• _AIM OF THE TASK_: Below are the records. Retype exactly the lines between the lines holding "2016年上半年Windows 10行业数据报告发布[多图]图片2" and "AB de Villiers DT20", inclusive.

• _DATA RECORDS_:
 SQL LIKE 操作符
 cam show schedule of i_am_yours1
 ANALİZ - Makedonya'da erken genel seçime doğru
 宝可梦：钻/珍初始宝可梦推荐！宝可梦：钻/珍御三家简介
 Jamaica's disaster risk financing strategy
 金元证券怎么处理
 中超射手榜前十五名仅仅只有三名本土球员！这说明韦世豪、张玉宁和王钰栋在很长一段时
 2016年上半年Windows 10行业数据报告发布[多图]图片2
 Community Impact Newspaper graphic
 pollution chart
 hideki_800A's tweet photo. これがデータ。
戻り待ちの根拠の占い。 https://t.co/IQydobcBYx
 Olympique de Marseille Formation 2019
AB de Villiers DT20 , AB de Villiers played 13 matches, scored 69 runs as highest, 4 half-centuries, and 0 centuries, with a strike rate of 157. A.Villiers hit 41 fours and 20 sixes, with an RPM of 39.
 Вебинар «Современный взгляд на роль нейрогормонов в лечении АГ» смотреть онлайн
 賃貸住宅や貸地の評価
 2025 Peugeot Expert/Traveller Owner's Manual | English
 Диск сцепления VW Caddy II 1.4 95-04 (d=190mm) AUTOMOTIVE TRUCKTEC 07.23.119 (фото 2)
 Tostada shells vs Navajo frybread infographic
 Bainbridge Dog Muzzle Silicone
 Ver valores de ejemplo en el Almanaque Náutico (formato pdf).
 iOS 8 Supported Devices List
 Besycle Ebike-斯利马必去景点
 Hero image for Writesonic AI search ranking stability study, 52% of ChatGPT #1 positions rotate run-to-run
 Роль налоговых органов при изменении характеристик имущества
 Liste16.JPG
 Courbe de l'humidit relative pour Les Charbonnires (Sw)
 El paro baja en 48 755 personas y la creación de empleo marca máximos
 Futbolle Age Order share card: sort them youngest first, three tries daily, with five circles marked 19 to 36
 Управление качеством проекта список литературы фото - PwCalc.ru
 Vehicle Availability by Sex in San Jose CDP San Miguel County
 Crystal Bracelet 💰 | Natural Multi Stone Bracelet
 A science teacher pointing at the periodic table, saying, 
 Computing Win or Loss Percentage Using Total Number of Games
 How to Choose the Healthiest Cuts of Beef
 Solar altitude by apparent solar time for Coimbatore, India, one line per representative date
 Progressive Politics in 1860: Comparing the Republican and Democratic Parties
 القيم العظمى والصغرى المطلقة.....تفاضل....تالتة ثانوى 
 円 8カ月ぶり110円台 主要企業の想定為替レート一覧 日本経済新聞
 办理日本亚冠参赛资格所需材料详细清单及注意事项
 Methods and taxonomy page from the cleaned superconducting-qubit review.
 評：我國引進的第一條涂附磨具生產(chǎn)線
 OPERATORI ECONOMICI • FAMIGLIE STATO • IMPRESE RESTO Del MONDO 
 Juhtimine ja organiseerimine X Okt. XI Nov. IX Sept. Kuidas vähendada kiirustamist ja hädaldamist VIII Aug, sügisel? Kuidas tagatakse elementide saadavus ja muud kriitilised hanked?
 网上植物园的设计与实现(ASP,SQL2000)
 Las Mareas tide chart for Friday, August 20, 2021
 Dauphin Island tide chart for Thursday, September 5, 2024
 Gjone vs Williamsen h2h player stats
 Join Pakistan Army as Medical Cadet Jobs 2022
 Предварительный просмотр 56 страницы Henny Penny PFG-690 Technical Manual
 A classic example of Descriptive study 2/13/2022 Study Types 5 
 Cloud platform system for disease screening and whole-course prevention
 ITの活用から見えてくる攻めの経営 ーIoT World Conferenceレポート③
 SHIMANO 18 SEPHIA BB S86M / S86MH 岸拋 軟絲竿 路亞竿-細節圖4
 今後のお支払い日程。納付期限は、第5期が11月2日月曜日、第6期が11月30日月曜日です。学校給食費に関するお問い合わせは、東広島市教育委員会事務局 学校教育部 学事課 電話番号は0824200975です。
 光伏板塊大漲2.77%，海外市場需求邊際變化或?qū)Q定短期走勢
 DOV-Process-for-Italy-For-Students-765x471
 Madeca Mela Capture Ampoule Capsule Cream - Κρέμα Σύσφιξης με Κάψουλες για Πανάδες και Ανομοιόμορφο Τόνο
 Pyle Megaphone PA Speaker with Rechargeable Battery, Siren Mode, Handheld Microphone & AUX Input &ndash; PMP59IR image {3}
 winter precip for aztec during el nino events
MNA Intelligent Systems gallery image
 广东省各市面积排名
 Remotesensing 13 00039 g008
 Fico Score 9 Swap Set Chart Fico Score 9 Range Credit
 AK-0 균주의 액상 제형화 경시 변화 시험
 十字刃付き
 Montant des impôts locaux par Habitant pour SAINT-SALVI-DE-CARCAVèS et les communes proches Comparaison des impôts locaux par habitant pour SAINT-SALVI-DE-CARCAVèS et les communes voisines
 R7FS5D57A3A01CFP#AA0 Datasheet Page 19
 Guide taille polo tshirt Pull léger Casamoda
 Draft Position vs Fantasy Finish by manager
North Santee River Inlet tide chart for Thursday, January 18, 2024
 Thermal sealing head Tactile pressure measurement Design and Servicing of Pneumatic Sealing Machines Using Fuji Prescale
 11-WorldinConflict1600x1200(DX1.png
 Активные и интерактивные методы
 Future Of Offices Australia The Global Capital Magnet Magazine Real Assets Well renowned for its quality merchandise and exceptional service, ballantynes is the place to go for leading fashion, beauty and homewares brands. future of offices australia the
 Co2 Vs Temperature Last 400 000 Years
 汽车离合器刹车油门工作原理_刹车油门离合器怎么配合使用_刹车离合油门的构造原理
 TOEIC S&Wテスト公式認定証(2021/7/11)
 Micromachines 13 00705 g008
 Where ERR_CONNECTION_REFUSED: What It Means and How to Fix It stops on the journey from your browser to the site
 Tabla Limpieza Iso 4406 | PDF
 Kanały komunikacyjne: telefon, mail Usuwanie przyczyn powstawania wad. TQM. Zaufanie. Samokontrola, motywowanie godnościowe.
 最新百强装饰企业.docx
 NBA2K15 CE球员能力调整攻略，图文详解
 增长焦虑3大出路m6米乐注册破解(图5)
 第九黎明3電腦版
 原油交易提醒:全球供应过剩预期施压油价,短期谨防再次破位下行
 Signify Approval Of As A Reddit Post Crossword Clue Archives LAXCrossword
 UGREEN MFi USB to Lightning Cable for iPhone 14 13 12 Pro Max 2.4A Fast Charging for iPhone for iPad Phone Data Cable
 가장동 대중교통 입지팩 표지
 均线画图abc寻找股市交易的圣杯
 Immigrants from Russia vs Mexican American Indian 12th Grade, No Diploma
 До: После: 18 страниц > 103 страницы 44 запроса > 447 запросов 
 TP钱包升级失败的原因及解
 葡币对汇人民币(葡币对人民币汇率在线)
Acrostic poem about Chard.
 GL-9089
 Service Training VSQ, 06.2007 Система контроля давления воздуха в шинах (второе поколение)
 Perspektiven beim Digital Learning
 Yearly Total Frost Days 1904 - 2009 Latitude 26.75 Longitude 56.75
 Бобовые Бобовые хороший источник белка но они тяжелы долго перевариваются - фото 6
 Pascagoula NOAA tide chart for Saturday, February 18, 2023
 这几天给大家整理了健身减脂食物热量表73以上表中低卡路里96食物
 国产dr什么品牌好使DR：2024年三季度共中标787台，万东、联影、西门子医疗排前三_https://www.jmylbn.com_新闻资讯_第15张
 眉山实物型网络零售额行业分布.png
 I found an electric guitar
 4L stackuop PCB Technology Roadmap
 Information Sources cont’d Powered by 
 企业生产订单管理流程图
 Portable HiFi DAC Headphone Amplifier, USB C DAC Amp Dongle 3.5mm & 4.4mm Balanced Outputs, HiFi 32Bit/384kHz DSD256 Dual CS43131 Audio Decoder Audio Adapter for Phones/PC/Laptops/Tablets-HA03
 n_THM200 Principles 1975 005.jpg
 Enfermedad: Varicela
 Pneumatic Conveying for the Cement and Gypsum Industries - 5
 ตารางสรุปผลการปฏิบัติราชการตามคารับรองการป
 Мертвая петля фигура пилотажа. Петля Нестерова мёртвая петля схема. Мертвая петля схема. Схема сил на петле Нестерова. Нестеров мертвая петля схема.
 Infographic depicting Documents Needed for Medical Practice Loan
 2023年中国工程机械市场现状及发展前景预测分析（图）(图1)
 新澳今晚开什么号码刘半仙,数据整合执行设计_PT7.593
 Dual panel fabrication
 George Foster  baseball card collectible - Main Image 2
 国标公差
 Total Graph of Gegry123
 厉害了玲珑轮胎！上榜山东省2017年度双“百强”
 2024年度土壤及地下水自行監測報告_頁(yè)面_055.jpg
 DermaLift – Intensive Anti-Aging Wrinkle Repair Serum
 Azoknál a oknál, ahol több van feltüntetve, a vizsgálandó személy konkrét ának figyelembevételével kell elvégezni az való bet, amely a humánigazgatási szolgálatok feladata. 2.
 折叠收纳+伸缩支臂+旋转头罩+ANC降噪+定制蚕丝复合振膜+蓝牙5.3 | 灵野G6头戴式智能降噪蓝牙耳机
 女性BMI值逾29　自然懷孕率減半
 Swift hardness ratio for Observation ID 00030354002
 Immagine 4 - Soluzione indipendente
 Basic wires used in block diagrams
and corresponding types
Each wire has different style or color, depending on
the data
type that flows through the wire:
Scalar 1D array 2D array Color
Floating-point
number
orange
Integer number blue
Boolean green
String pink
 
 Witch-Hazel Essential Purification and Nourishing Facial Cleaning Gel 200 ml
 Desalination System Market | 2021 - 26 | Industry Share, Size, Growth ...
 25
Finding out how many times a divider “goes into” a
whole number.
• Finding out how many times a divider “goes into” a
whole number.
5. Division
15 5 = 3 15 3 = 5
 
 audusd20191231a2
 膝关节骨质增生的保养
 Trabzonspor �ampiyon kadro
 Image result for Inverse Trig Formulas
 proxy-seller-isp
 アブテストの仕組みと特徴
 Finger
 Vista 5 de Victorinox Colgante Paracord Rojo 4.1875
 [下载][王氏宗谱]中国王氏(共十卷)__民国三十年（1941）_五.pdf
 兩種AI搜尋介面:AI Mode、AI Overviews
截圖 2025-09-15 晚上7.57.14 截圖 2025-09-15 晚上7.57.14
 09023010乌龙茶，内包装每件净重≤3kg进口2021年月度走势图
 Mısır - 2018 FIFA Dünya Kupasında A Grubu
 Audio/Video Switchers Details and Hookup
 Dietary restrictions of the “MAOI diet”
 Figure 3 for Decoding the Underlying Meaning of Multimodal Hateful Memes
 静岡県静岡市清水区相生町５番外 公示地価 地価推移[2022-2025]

• _THE ANSWER_:
 2016年上半年Windows 10行业数据报告发布[多图]图片2
 Community Impact Newspaper graphic
 pollution chart
 hideki_800A's tweet photo. これがデータ。
戻り待ちの根拠の占い。 https://t.co/IQydobcBYx
 Olympique de Marseille Formation 2019
AB de Villiers DT20 , AB de Villiers played 13 matches, scored 69 runs as highest, 4 half-centuries, and 0 centuries, with a strike rate of 157. A.Villiers hit 41 fours and 20 sixes, with an RPM of 39.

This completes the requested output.